ペーパースクラッチによる車両作りを中心に1/80、16.5ミリゲージの鉄道模型を楽しんでいます。

さようなら京王線地上駅(調布・中編)

2012-08-11 12:46:22 | 実物・資料系(現在)
おはようございます。
眠いですzzz
オリンピックと京王線散歩に翻弄されていて模型がいっこうに進みません (^^;


さて調布駅かいわい2回目は京王線西調布駅方面へと歩いてみます。

下り電車の前方から見る京王線(前方)と相模原線(左方)の分岐部。ダイヤモンドクロッシングが西日にキラリと光ります。今回の地下化によって18箇所の踏切除去による道路の渋滞緩和とともに、この平面交差によって生じていたダイヤ上の制約からの解放が期待されています。
相模原線の上り電車は京王線の下り1番線(中央やや左上)、下り2番線(中央)の順に本線を横切って調布駅に進入しますが、クロッシング部をみると1番線との交差部は固定式なのに対し2番線は可動式になっています。通過速度はどちらもそう高くないため、恐らく交差角度の違いによるものかと思われます。



このクロッシングの先にあるのが「調布1号」踏切。通称市役所前通りとの交差部で人・クルマともに多く2路線の列車が入り乱れるポイントなので、朝夕だけでなく昼間でも長い行列が出来ています。
南側からの眺めで手前がカーブする相模原線。前方には再開発で姿を消してしまう「萬来軒」が見えます。

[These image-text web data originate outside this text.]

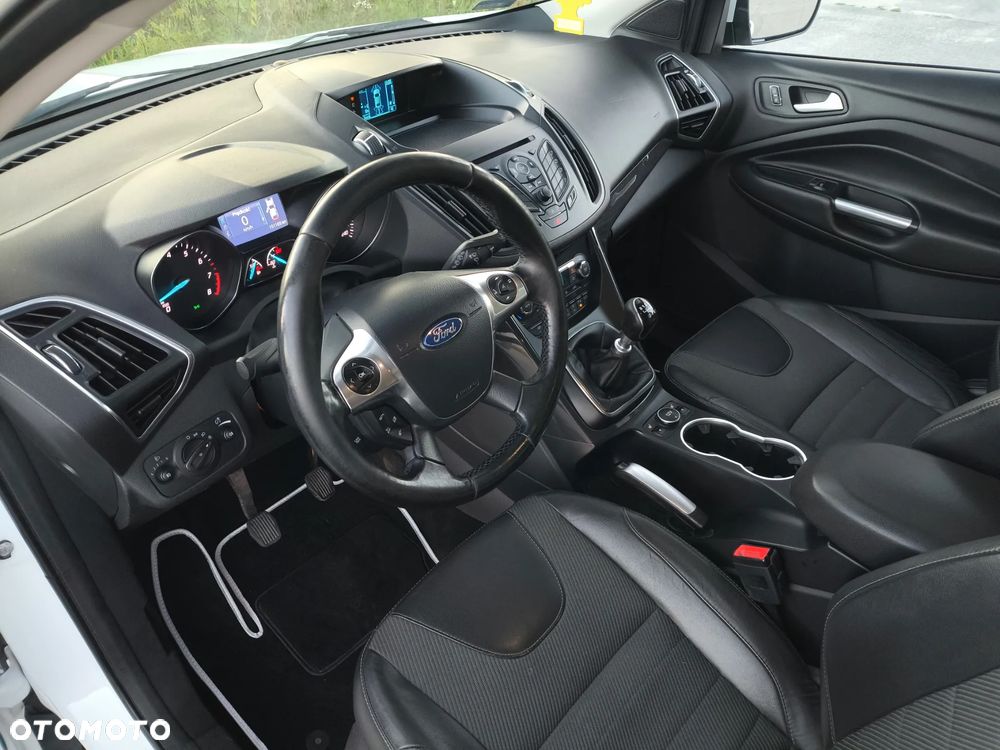 Ford Kuga 1.5 EcoBoost FWD Titanium ASS - 11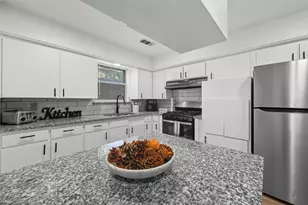 7419 Neuhoff Dr, Dallas, TX 75217 - Photo 8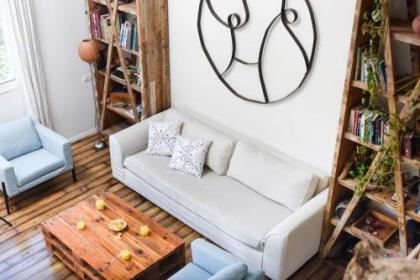 TLV Loft Paradise with Balcony Roof Top & Mamad by Sea N' Rent - image 18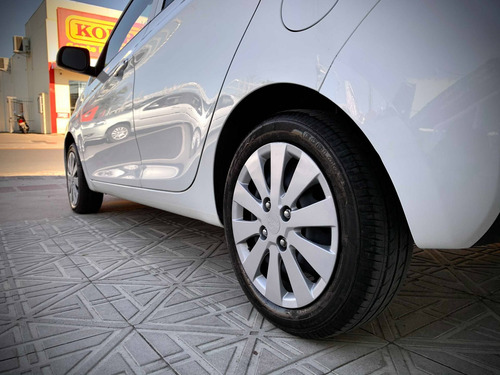 Imagem 13 de 13 de Kia Picanto 1.0 Ex 12v Flex 4p Manual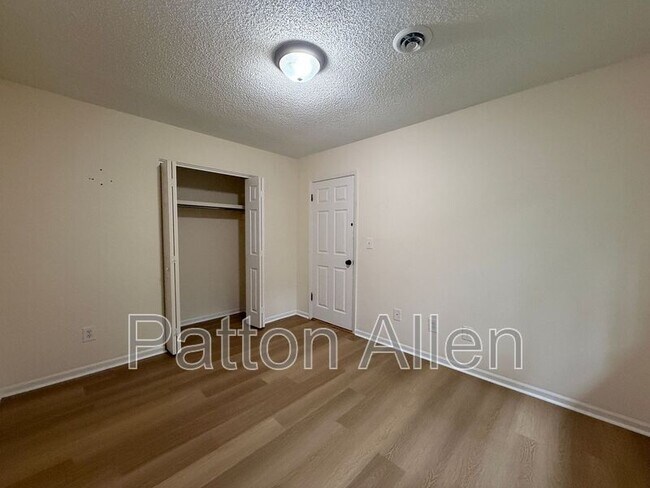 Building Photo - 54 Dawnwood Cir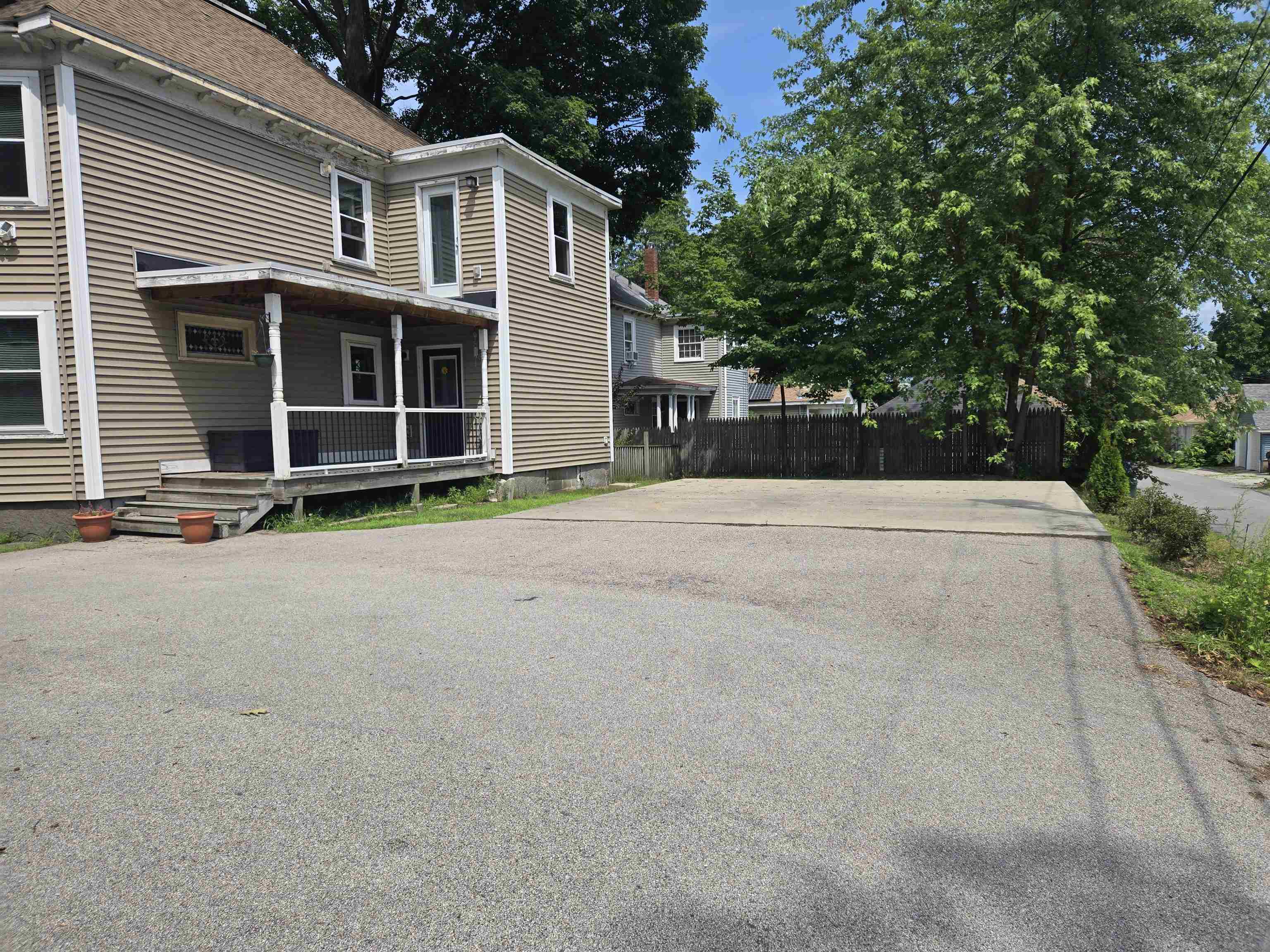 Manchester, New Hampshire, 03104, United States, 3 Bedrooms Bedrooms, ,3 BathroomsBathrooms,Residential,For Sale,1896803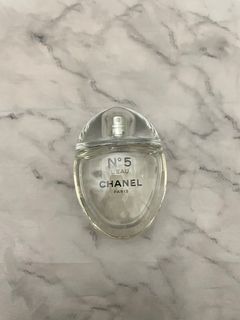 （分類：）位於 。 由 lavenderieee 提交（商品編號 1400370753，圖片 1）。簡介： 。
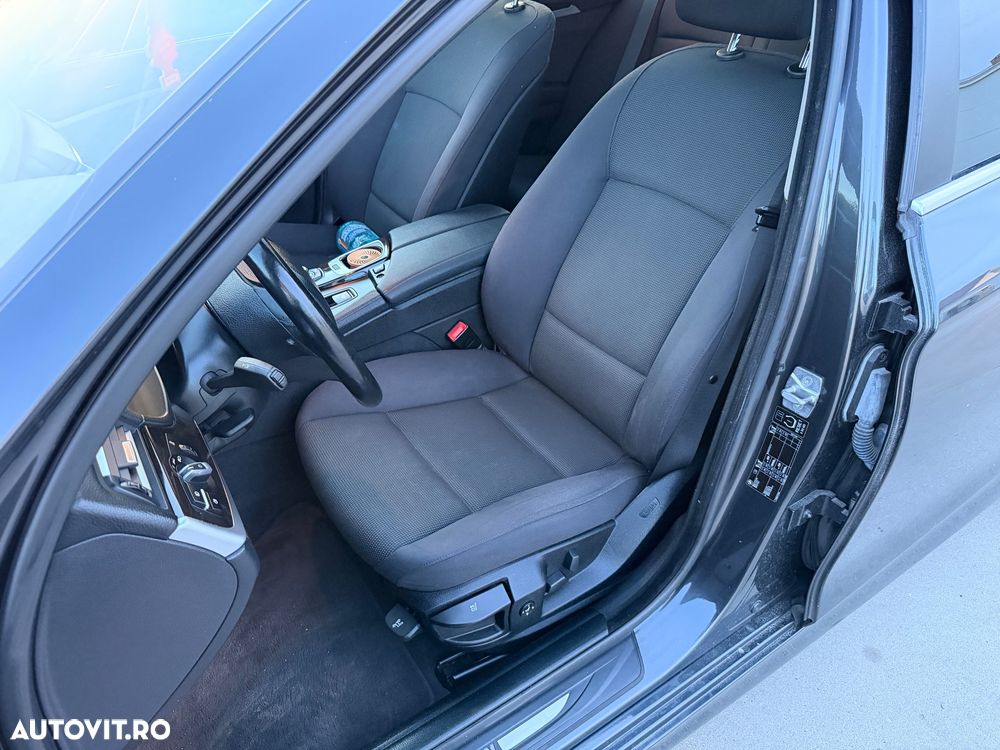 BMW Seria 5 525d - 7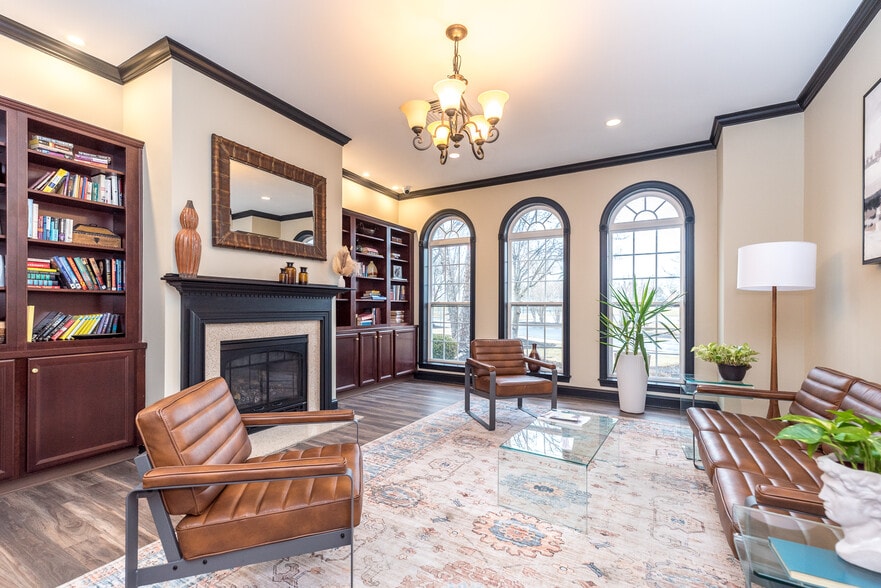 Community Clubhouse Lounge - 1540 Artisan Ct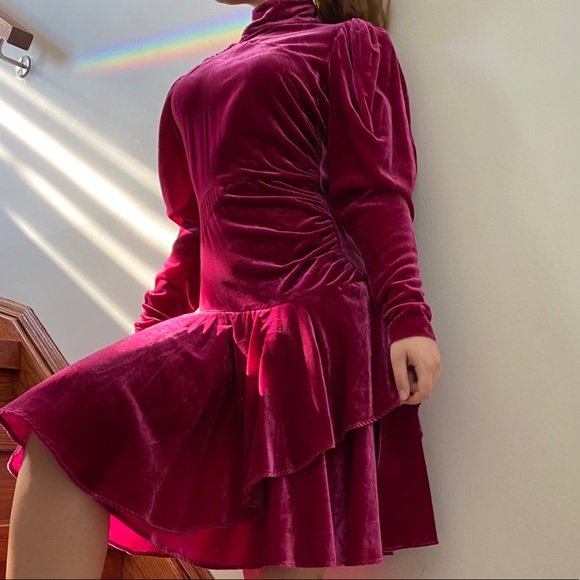 SOLD*** ROTATE DRESS figure flattering - Picture 5 of 17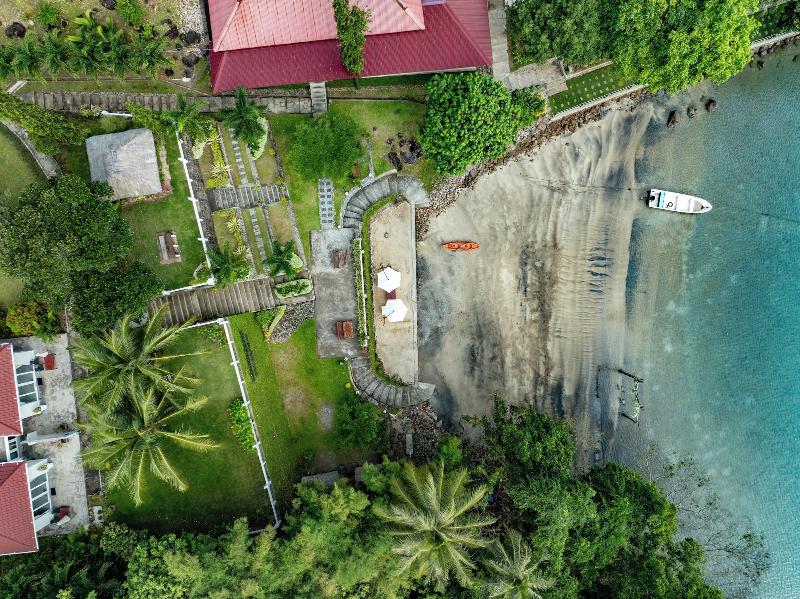 The Hawk's Nest Resort image
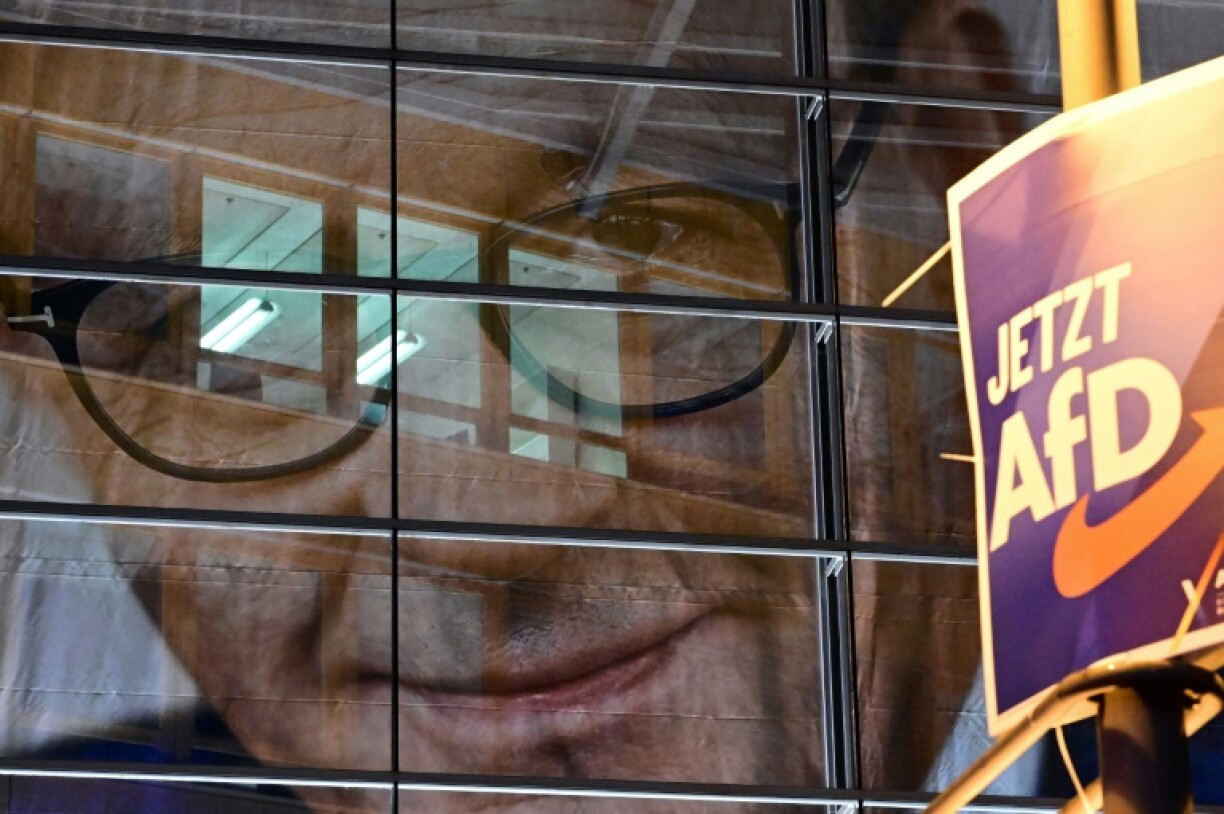 Analysts note that the mainstream parties have failed to work together to stop the AfD's rise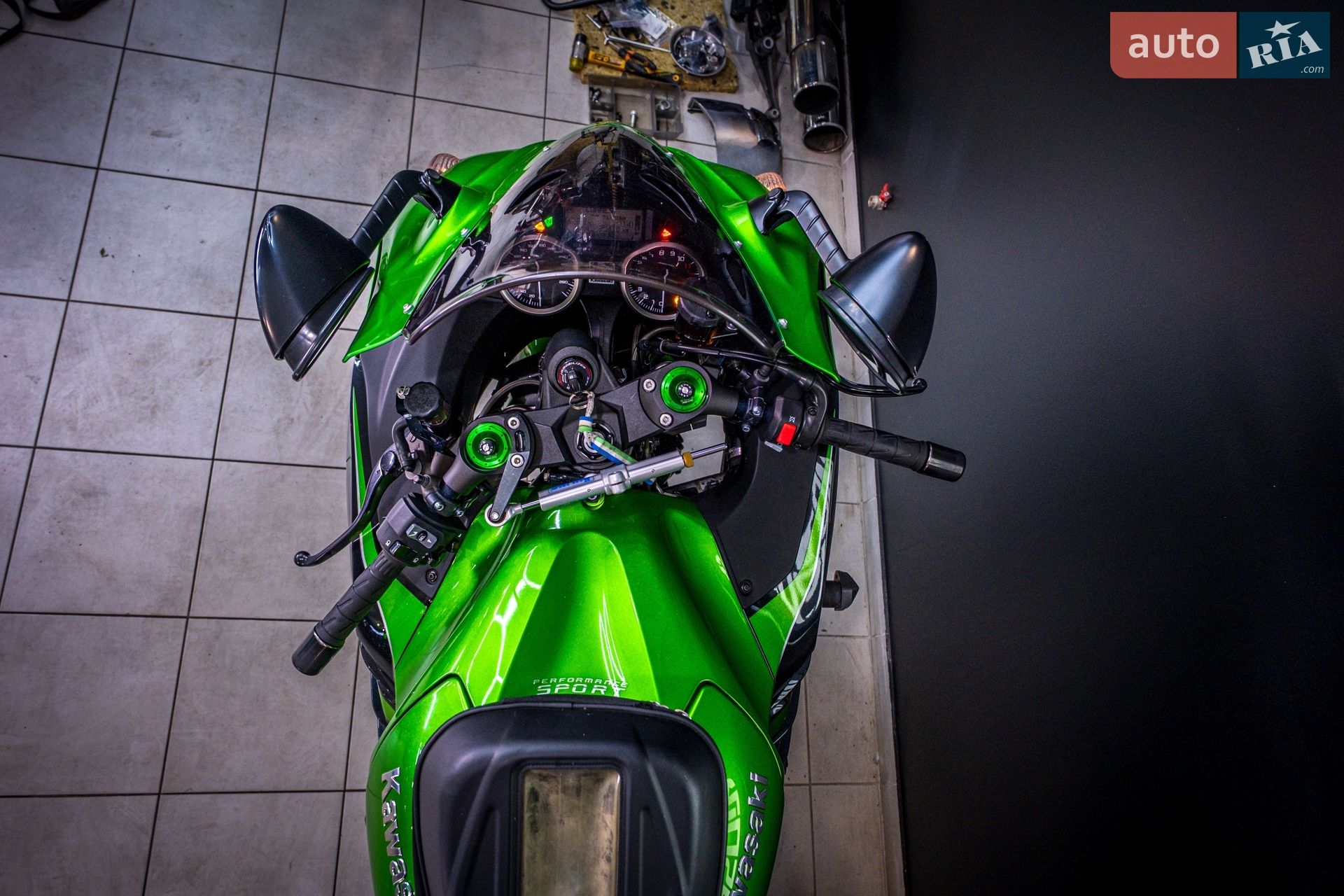 Kawasaki ZZR 1400 2016 VIN JKBZXT40HJA001263 фото оголошення 13 з 28
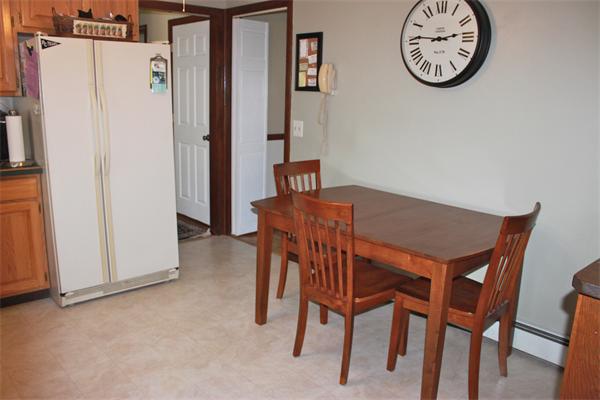 49 Old Farm Road Westfield, MA 01085 - Photo 6 of 23 Gallery Image 6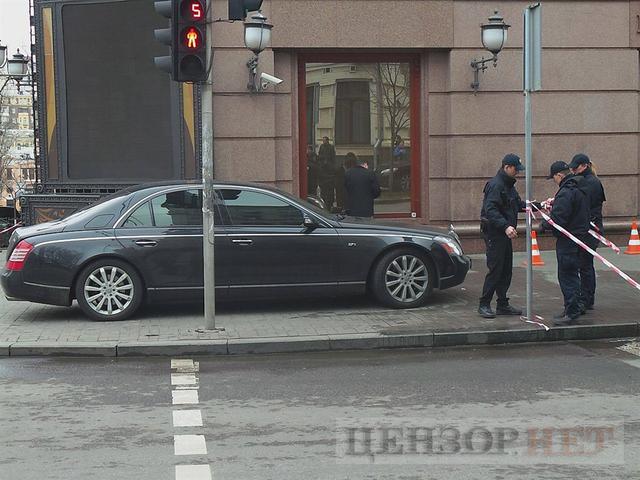 Experts complete examination of Voronenkov murder scene 07 Experts complete examination of Voronenkov murder scene 07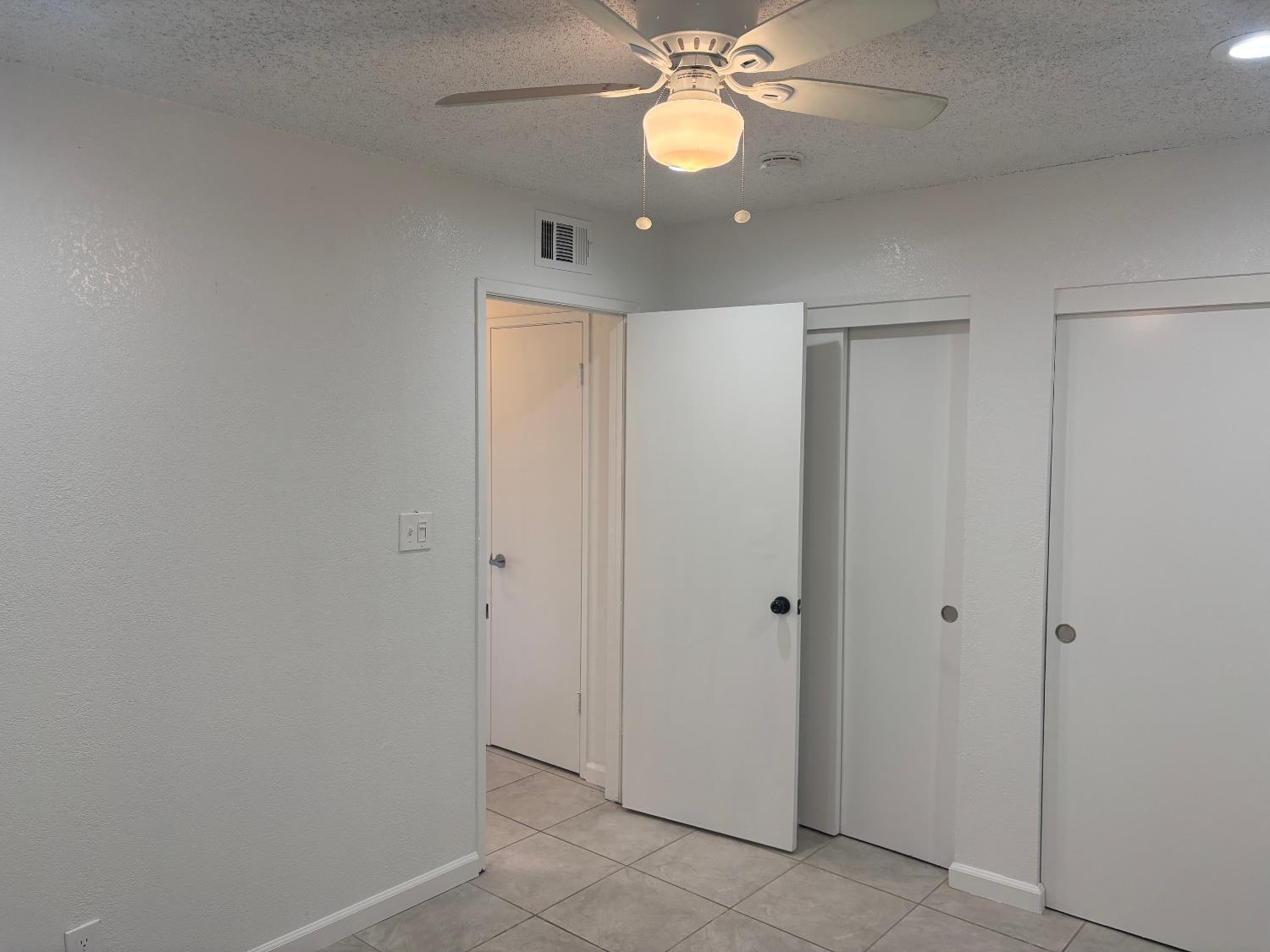 411 W Santa Ana Ave W #1, Clovis, CA 93612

線路に沿って西に歩くとすぐ右手に「調布銀座」という看板を掲げた横道があります。電車に乗っていると一瞬で通過してしまうので今まで気づきませんでした。「ゆうゆうロード」という愛称がつけられ、その下の横断幕には「ここに駅があったから調布銀座が誕生しました ありがとう京王線」と書かれています。移転前の調布駅はちょうどこのあたりにあったんですね。線路脇にはその名残と思われるスペースが広がっています。
先日萬来軒で常連客から聞いた話では、移転後もしばらくは調布駅北側には細い道路しかなく、バスもこの旧駅あたりで転回していたそうです。



下り線側には旧駅跡のスペースと思われる場所に短い側線があります。たまに保線用車両が停まっているそうですが、私が行くときはいつもカラです。地下化工事が始まる前は相模原線のカーブに沿って保線車両用の側線があったので、その代替施設かと思ったのですが有効長が短かすぎますね...



その側線の先端側にはボロボロに歯抜けになった木の門扉が。周辺一帯が緩くカーブしていて昔の相模原線の分岐跡かと思われますが、目測で延長していくと現在線よりかなり西に行ってしまうので、線路敷そのものではなく関連施設の境界の跡か、単なる先入観による誤解?かも知れません。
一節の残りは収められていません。